I say true to an extent because if one's bishop signed it and holds it out as a guideline, it should be heeded in that diocese.


#9

Can we be really honest about all this froo-froo about "authority" of documentation?
"Sing to the Lord" has the authority of a mealy-mouthed candidate for sheriff.
The "GIRM, CSL and MS" have badges, but like all federal marshalls, are widely ignored and not backed up by judicial authorities. "They" need to uniformly reform those three documents into consistency and coherency, and then try to federally re-introduce them into the universal worship culture.


#10

[quote="TCCOV, post:9, topic:319510"]
Can we be really honest about all this froo-froo about "authority" of documentation?
"Sing to the Lord" has the authority of a mealy-mouthed candidate for sheriff.
The "GIRM, CSL and MS" have badges, but like all federal marshalls, are widely ignored and not backed up by judicial authorities. "They" need to uniformly reform those three documents into consistency and coherency, and then try to federally re-introduce them into the universal worship culture.

[/quote]

If the bishop says to use it, it has all the authority of the Church behind him, as the bishop is the sole authority of the liturgy in his diocese. The "meally mouth candidates" are those who serve as self-apointed interpreters of the GIRM and all other Church documents. The Catholic Church has an authority structure. We are no more sola GIRM than we are sola scriptura.


#11

[quote="pnewton, post:10, topic:319510"]
If the bishop says to use it, it has all the authority of the Church behind him, as the bishop is the sole authority of the liturgy in his diocese.

[/quote]

Surely things are not that simple. If a bishop invents a new Eucharistic Prayer and tells his priests to use it, does he have the authority to do so?


#12

@PNewton. I'm not sure if your comment was a retort, but if so, I believe we are both essentially saying the same thing from opposite perspectives, if you re-examine my "rhetoric."


#13

[quote="snarflemike, post:11, topic:319510"]
Surely things are not that simple. If a bishop invents a new Eucharistic Prayer and tells his priests to use it, does he have the authority to do so?

[/quote]

No, but that is not the topic here, nor do I know of that happening. We are speaking of music and areas that are not black and white.

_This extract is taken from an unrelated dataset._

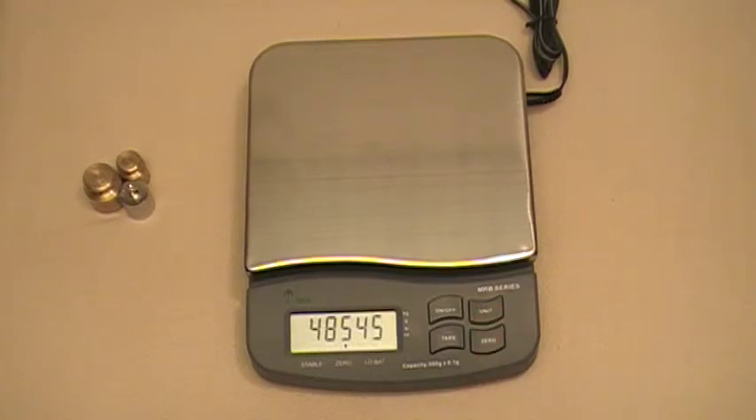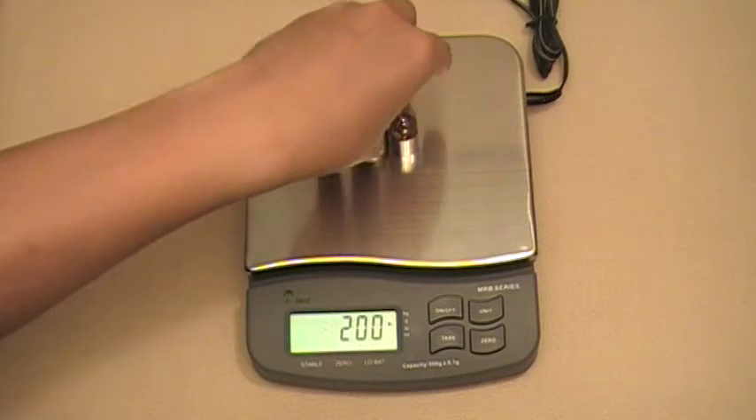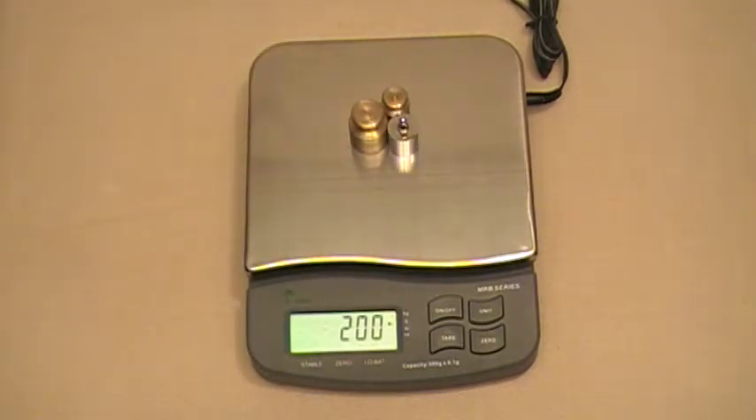Wait for the display to show zero, zero, save. Now it's ready for 200 grams on the scale. Place your test weight on there and wait for the stable arrow to come on. Once that comes on, press the unit key again.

In extreme hypotheticals, if they ever occur, there are steps one can take, even as a lay person.


#14

[quote="CharlesinCenCA, post:12, topic:319510"]
@PNewton. I'm not sure if your comment was a retort, but if so, I believe we are both essentially saying the same thing from opposite perspectives, if you re-examine my "rhetoric."

[/quote]

To what are you referring?


#15

This is why I originally said my post was not for comment or discussion. It leads to a lot of nonsense.
The first comment characterized the document as being without authority. The poster is evidently innocent of knowledge of rhetorical style. The document is an exhortation and is not meant to be an authoritative document.
Another decried the fact that it was not sent to Rome for approval. No one needs approval to exhort Christians to greater faith and practice. If you are interested in an authoritative document from the US bishops on the subject of music for liturgies, I suggest you actually read the document "Sing to the Lord" as it includes in its footnotes reference to the DIRECTIVE they sent to Rome for approval the year before publishing this exhortation. Apparently the Romans had not a year later sent the document back to the bishops approved or annotated for revision.
Many responders seem to think that bishops have no authority within their dioceses. Nothing could be further from the truth. If they had as little authority as some on these fora seem to think, we would not have local bishops at all, their existence being superfluous. Thankfully, this is not the case in fact. Local bishops do have authority.
As for the remark that it is a mealy mouthed ,document: since it quotes liberally from Church council documents and the GIRM, I don't understand on what basis the comment was made.
Please, leave off commenting on the original post.